# Investigating the Impact of Cluster Sampling on the Size of the Training, Testing, and Validation Sets

When training the MVN NGBoost model on the drifter data, we must take eidstra care to ensure that information about the testing and validation sets is not inadvertedly introduced into the training data. The ~400,000 drifter observations that form our data set come from ~2000 unique drifters. We expect that observations taken by the same drifter are likely to be highly correlated so we ensure that all of the observations made by any single drifter are in precisely one of the training, testing or validation sets. Ensuring observations from each drifter are not split between sets will ensure that the training data does not contain any information about the testing or validation sets via correlation.

O'Malley et al. (2023) deal with this issue using cluster sampling. That is, spliting the data into clusters defined by their corresponding drifter ID, then randomly sampling the clusters into the training, testing, and validation sets containing 81%, 10% and 9% of the drifter IDs respectively. However, there is significant variation between the number of observations found in each of the drifter ID clusters meaning that the proportion of the overall data found in each of the sets may be significantly different than the nominal 81-10-9 split. At its most extreme, this discrepancy could result in testing and training sets that are of comporable sizes. 

In this notebook, we will investigate whether the sizes of the training, testing, and validation sets that result from 81-10-9 cluster sampling differ signficantly from the nominal 81-10-9 values.

In [39]:
# import modules and load data
import pandas as pd
import numpy as np
from scipy.stats import t,ttest_1samp
import os
import sys
sys.path.append(os.path.abspath(os.path.join(os.path.dirname('seaducks'), '..')))
from seaducks.model_selection import train_test_validation_split
from seaducks.config import config

path_to_data = '../data/filtered_nao_drifters_with_sst_gradient.h5'
data = pd.read_hdf(path_to_data)
# add day of the year as an index (to be added to the data later)
data['day_of_year'] = data['time'].apply(lambda t : t.timetuple().tm_yday)

## Testing

To identify if the actual sizes of the training, testing, and validation sets differ significantly from the nominal 81-10-9 values, we will cluster sample the data by drifter ID `N=100000` times and calculate the resulting proportions of the overall data made up by each of the three sets. 

In [11]:
number_of_samples = len(data.index)                                     # number of drifter observations
N = 100000                                                              # number of repeats for hypothesis tests

count_by_id = data.groupby('id').size()                                 # grouping observations by id
ids, size_by_id = np.array(count_by_id.index), np.array(count_by_id)   

We will test the impact of cluster sampling using the implementation carried out by O'Malley et al. (2023) and the implementation used in this package.

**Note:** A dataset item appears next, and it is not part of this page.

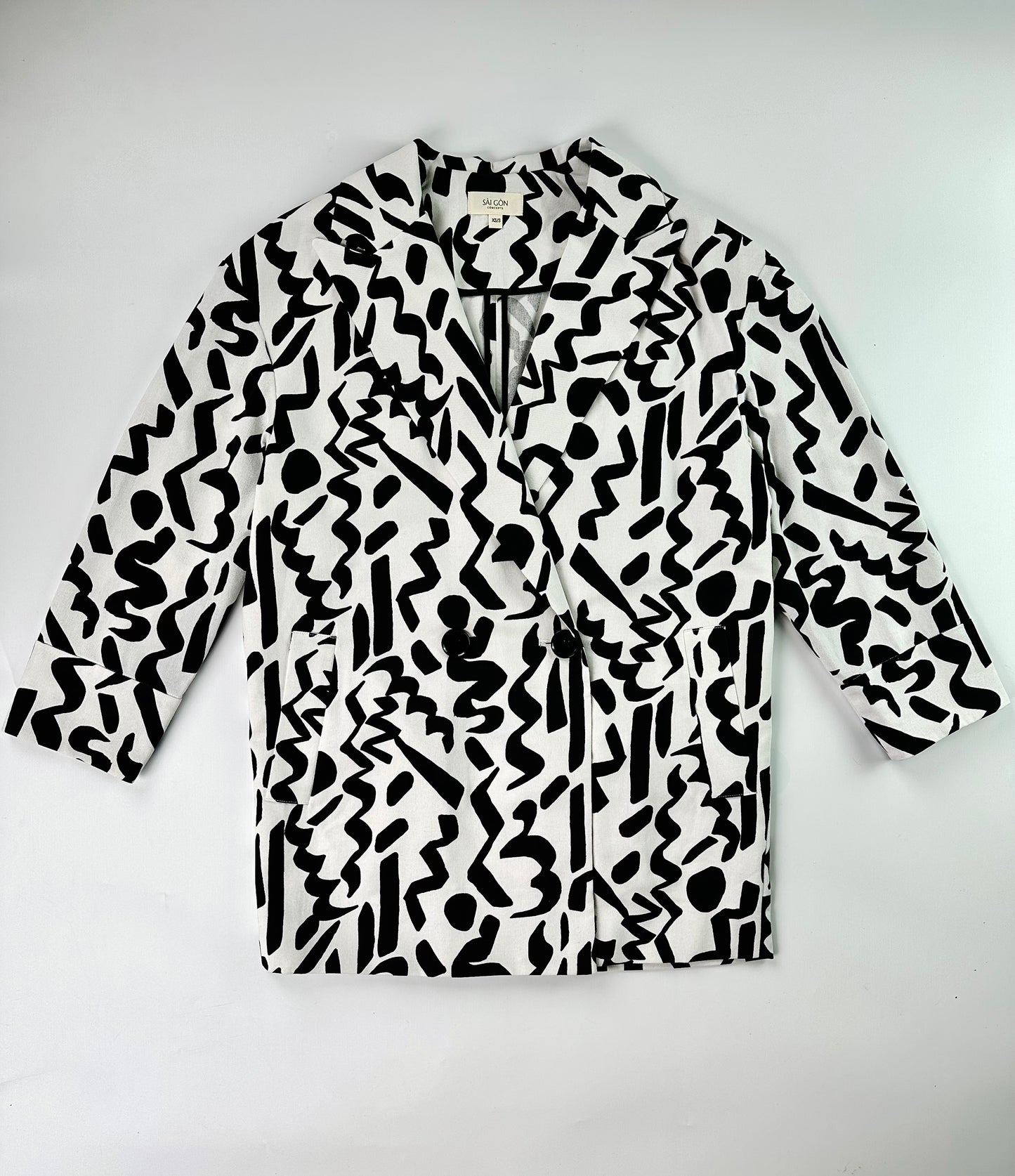 Saigon Concepts Black and white Urban Canvas patterned jacket on a light gray background - full front flat view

By cycling through random seeds, we have also obtained a seed that results in training, testing, and validation set proportions that are close to the nominal values which we also include and is the default `random_state` in this package.

In [15]:
# % ------------------------------------ O'Malley et al. (2023) implementation ------------------------------------------ %

'''MV_Prediction/experiments/dispatcher.py lines 31-39'''
def random_id_subset(ids, pc=0.1):
    unique_id = np.unique(ids)
    N_unique = len(unique_id)
    np.random.shuffle(unique_id)
    in_test = int(N_unique * pc)
    test_ids = unique_id[:in_test]
    test_mask = np.in1d(ids, test_ids)
    train_mask = np.invert(test_mask)
    return train_mask, test_mask

''' from MV_Prediction/experiments/dispatcher.py'''
N_runs = N                                             # L97 (adaptated)
shuffle_seed = 500                                              # L80
np.random.seed(shuffle_seed)                                    # L98
splits = [random_id_subset(ids) for _ in range(N_runs)]         # L99 (adapted)
total_data_size = count_by_id.sum()

OM_train_test_val_proportions = []

for (train_mask, test_mask) in splits:                                # L101 (adapted)
    test_ids = ids[test_mask]                                         # L103 (adapted)
    train_ids = ids[train_mask] # auxillary set                       # L106 (adapted)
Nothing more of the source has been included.